Let’s get back to reality. I am neither memory-challenged nor addicted to coffee. I invented Alex and Mike to illustrate a rotor-router network. In general my home is called a source: the place where I wake up and start the day. There can only be one source in the network. My admirers are called targets and I can have an infinite number of them. The network needs to be constructed in such a way that I always end up with a friend by the end of the day. There could be many other places that I can visit, other than my office: for example, the library, the gym, opera and so on. These places are other vertices of a network that could be very elaborate. Any place where I go, there is a sign that describes a pattern of where I go from there. The sign is called a rotor.

The patterns at every rotor might be more complicated than a simple sign. Those patterns are called rotor types. My sign is called 12 rotor type as it switches between the first and the second directions at every non-friend place I visit.

The sequence of admirers that I visit is called a hitting sequence and it can be proved that the sequence is eventually periodic. Surprisingly, the stronger result is also true: the hitting sequence is purely periodic.

The simple 12 rotor is universal. That means that given a set of friends and a fancy periodic schedule that designates the order I want to visit them in, I can create a network of my activities where every place has a sign of this type 12 and where I will end up visiting my friends according to my pre-determined periodic schedule.

It is possible to see that not every rotor type is universal. For example, palindromic rotor types generate only palindromic hitting sequences, thus they are not universal. The smallest such example, is rotor type 121. Also, block-repetitive rotor types, like 1122, generate block-repetitive hitting sequences.

It is a difficult and an interesting question to describe universal rotor types. My PRIMES student Xiaoyu He was given a project, suggested by James Propp, to prove or disprove the universality of the 11122 rotor type. This was the smallest rotor type the universality of which was not known. Xiaoyu He proved that 11122 is universal and discovered many other universal rotor types. His calculations support the conjecture that only palindromic or block-repetitive types are not universal. You can find these results and many more in his paper: On the Classification of Universal Rotor-Routers.

My co-author Konstantin Knop wrote a charming book, Weighings and Algorithms: from Puzzles to Problems. The book contains more than one hundred problems. Here are a couple of my favorites that I translated for you:

There is one gold medal, three silver medals and five bronze medals. It is known that one of the medals is fake and weighs less than the corresponding genuine one. Real medals made of the same metal weigh the same and from different metals do not. How can you use a balance scale to find the fake medal in two weighings?

There are 15 coins, out of which not more than seven are fake. All genuine coins weigh the same. Fake coins might not weigh the same, but they differ in weight from genuine coins. Can you find one genuine coin using a balance scale 14 times? Can you do it using fewer weighings?

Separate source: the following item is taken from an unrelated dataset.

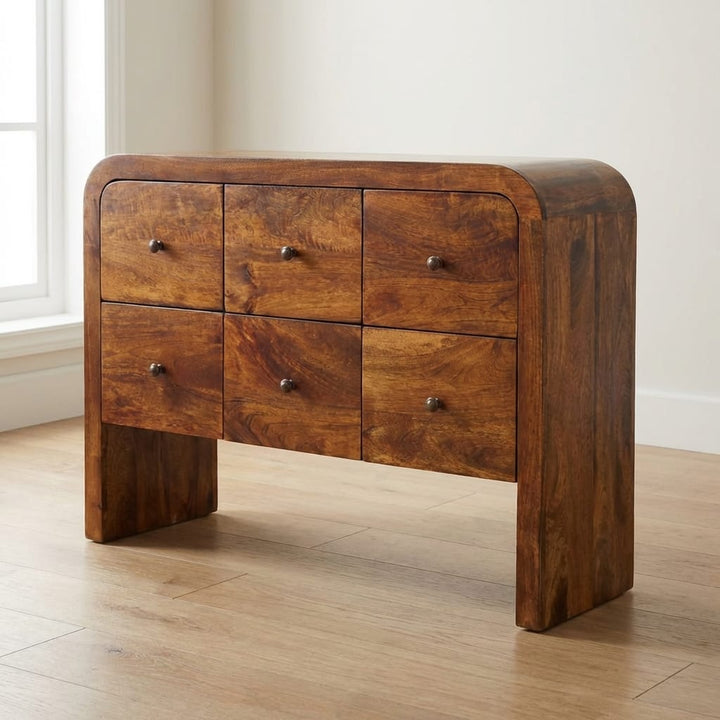 Functional Darcy 3 over 3 Drawer Dresser - Solid Mango Wood Storage Chest for Bedroom - main view showing handcrafted...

You might get the impression that the latter problem depends on two parameters. Think about it: It is necessary that the majority of the coins are genuine in order to be able to solve the problem. In fact, the number of weighings depends on just one parameter: the total number of coins. Denote a(n) the optimal number of weighings needed to find a genuine coin out of n coins, where more than half of the coins are genuine. Can you calculate this sequence?

Hint. I can prove that a(n) ≤ A011371(n-1); that is, the optimal number of weighings doesn’t exceed n − 1 − (number of ones in the binary expansion of n−1).

Tanya Khovanova and Alexey Radul

We all heard this paradoxical statement:

This statement is false.

Or a variation:

True or False: The correct answer to this question is ‘False’.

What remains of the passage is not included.